**What to produce**
Look through the data below for the line with "Cropped hands of man driving car against sea" and the line with "Three fruit smoothie", then transcribe exactly from the first through the second, leaving out all pictures.

++++ Dataset records ++++

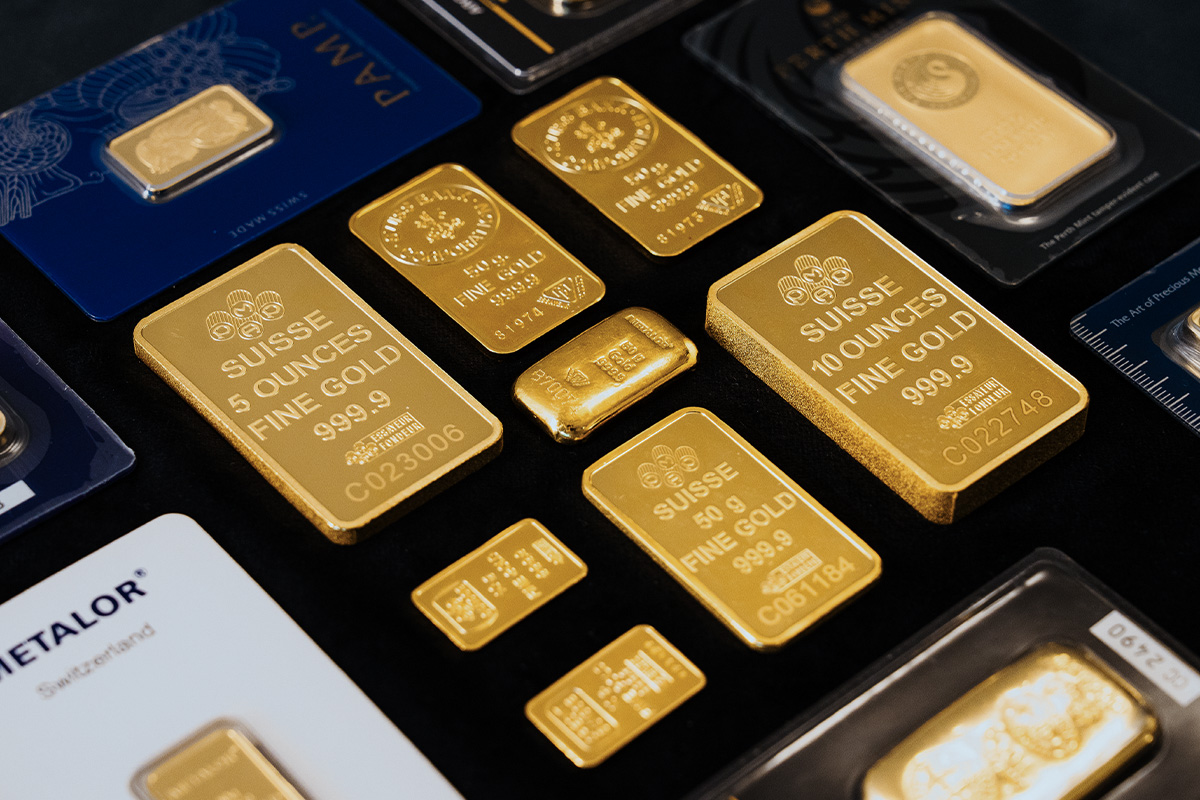 Assorted gold bars in various sizes, including 5 ounce, 10 ounce, and 50 gram Suisse fine gold bars, alongside packaged Metalor and PAMP bars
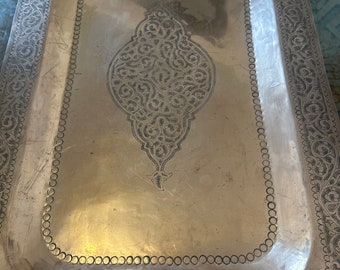 Puede incluir: Una bandeja rectangular de plata con un diseño ornamentado. La bandeja tiene un borde elevado con un patrón repetitivo de círculos. El centro de la bandeja presenta un gran diseño intrincado.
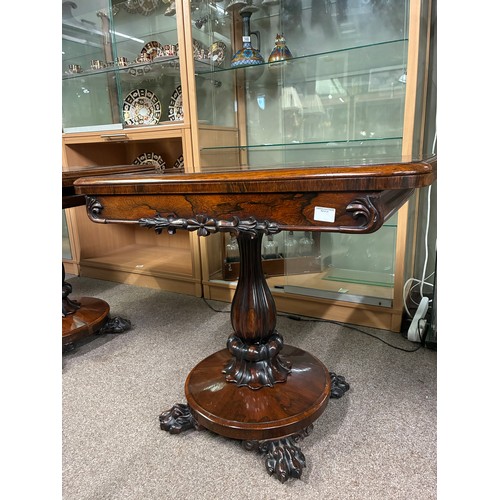 598 - A pair of William IV rosewood pedestal card tables, having a carved frieze above swept support on ci... 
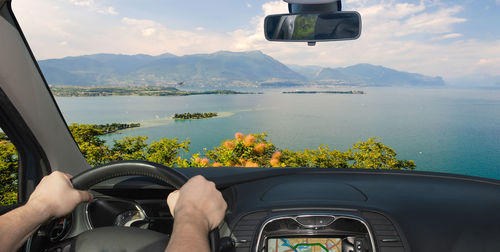 Cropped hands of man driving car against sea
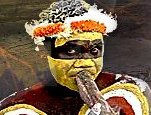 Aboriginal Australian dance member plays didgeridoo.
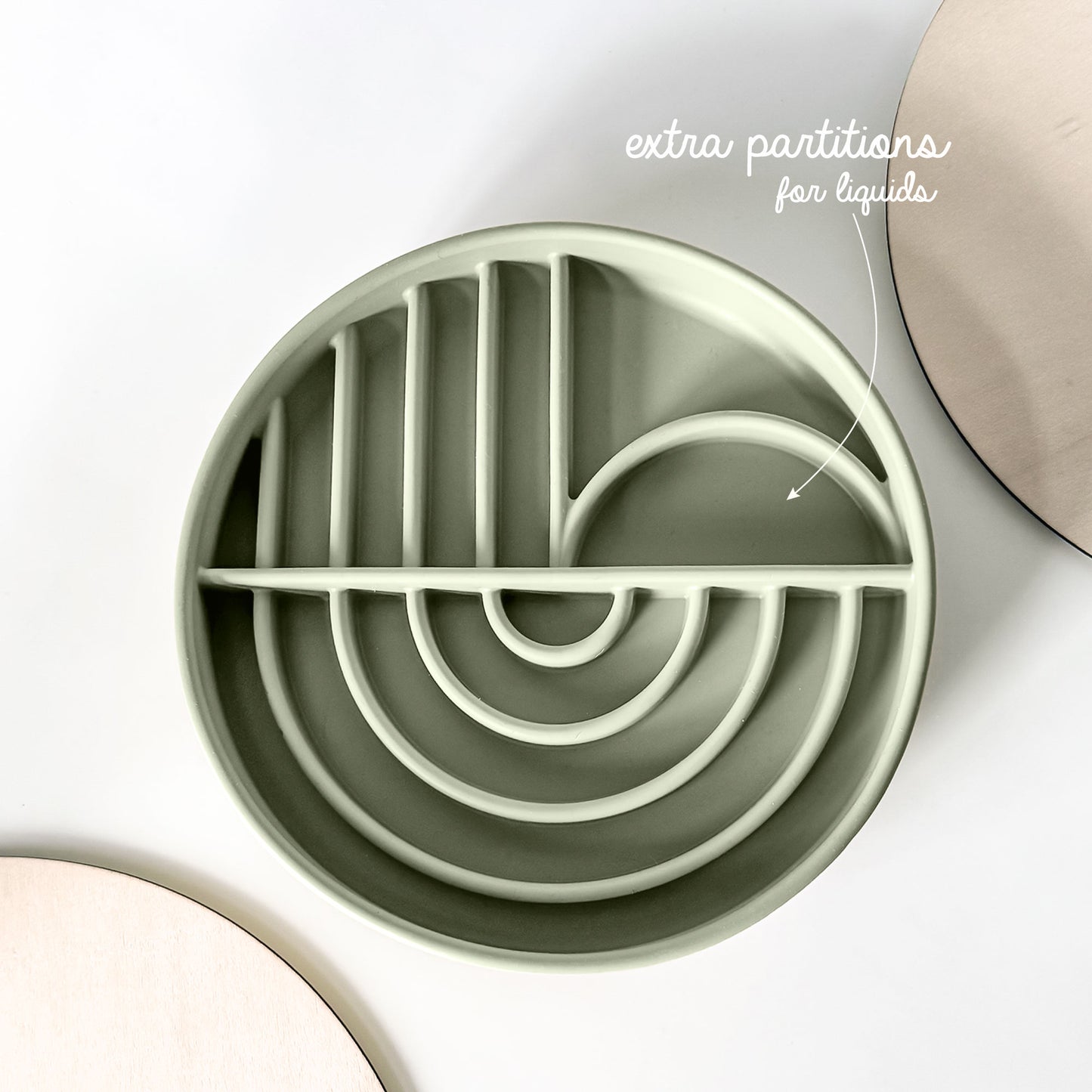 A round, light sage green silicone pet slow feeding shallow bowl with geometric compartments, shown on a white background with decorative wooden plates and text overlay 'extra partitions for liquids'.
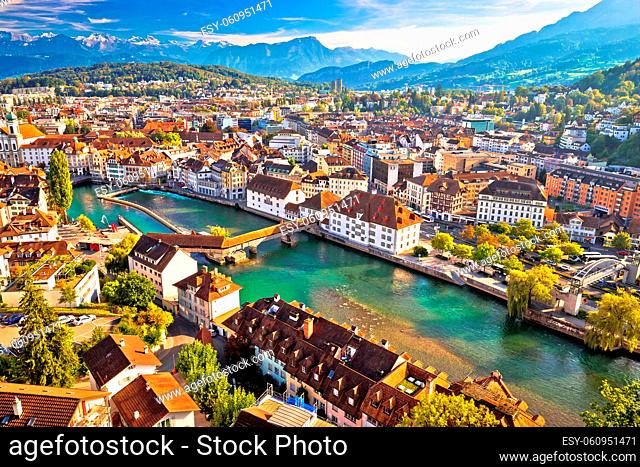 City of Luzern riverfront and rooftops aerial view, Alps landscape of Switzerland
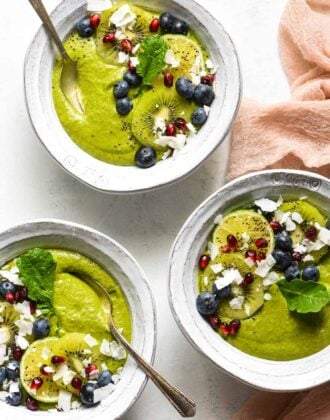 Three fruit smoothie bowls topped with blueberries, pomegranate seeds, coconut, kiwi and a green leaf.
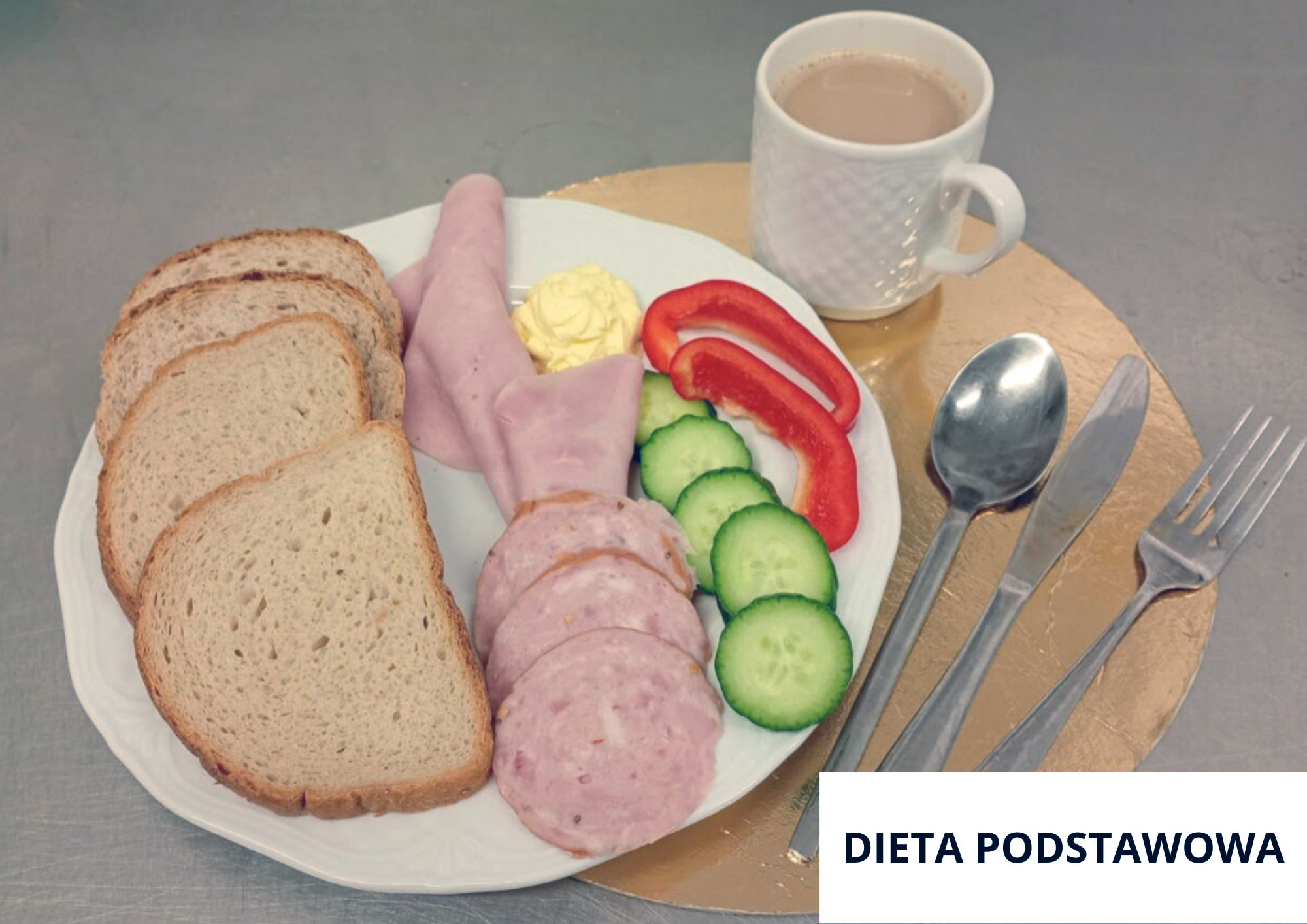 Na stalowym blacie, na złotej okrągłej podkładce znajduje się biały talerz z czterema kromkami pieczywa po lewej stronie. Na środku talerza ułożono kilka plasterków wędliny: część wędliny zwinięta jest w rulon, a część pokrojona w okrągłe plastry. Obok wędliny widać porcję masła, kilka plasterków świeżego ogórka oraz dwa długie paski czerwonej papryki. Z tyłu stoi biały kubek z jasnym napojem (kawa z mlekiem/kakao). Po prawej stronie leżą sztućce: łyżka, nóż i widelec. W prawym dolnym rogu umieszczono napis „DIETA PODSTAWOWA”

++++

**Output of the exercise**
 Cropped hands of man driving car against sea
 Aboriginal Australian dance member plays didgeridoo.
 A round, light sage green silicone pet slow feeding shallow bowl with geometric compartments, shown on a white background with decorative wooden plates and text overlay 'extra partitions for liquids'.
 City of Luzern riverfront and rooftops aerial view, Alps landscape of Switzerland
 Three fruit smoothie bowls topped with blueberries, pomegranate seeds, coconut, kiwi and a green leaf.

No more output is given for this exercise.